So, I couldn’t have been more surprised that “Top Gun: Maverick”, while serving some of those same elements, completely blew my mind. One of those rare instances where a sequel utterly surpasses the first film. Replete with a sincerity and warmth the original lacked, and an absolute stunner on the big screen, due largely to the incredible—and shockingly practical—flight sequences, “Maverick” proves that crowd-pleasing, technology-pushing commercialism can still have a heart, while reminding us (with billions of dollars) that Tom Cruise is our last real movie star.
“Decision to Leave”—South Korean director Park Chan-wook’s latest (whose “Old Boy” still ranks as one of the more emotionally brutal films ever made) is an anxiety-laden crime drama, which evolves into a psychosexual thriller comparable to the best of Hitchcock, or his later protégé Brian De Palma.

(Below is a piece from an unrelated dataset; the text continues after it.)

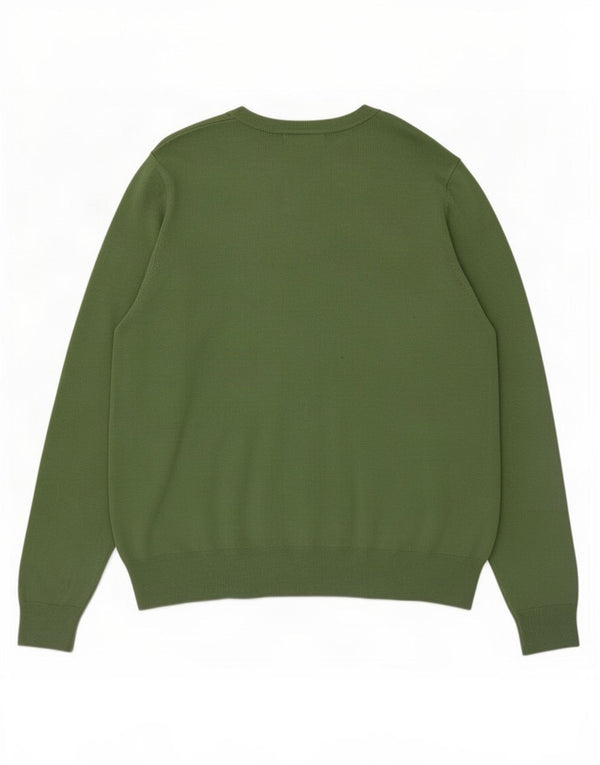 Maglione cardigan da donna Marks & Spencer UK 18 XL viscosa verde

Two detectives from Busan are assigned to a case involving the seemingly accidental death of an immigration officer. One of the detectives becomes obsessed with the dead man’s wife—and apparent suspect. She’s hot. He’s married to someone he’s not attracted to anymore. You can do the math. Much like any mystery (especially another one on this list), the less said, the better. Suffice to say, the twists, turns, and red herrings are enough to keep anyone on the edge of their seat. Between the fantastic, cinematic tableaus, and tense storytelling, “Decision to Leave” is something to stick around for.
“Mad God”—Phil Tippett isn’t necessarily a household name. Known largely for his creature design and special FX work on films ranging from “Star Wars” to “Jurassic Park”, Tippett’s romance has always been with stop-motion animation (he created the concept of “go-motion” which improved on the techniques of his heroes, Ray Harryhausen and Willis O’Brien).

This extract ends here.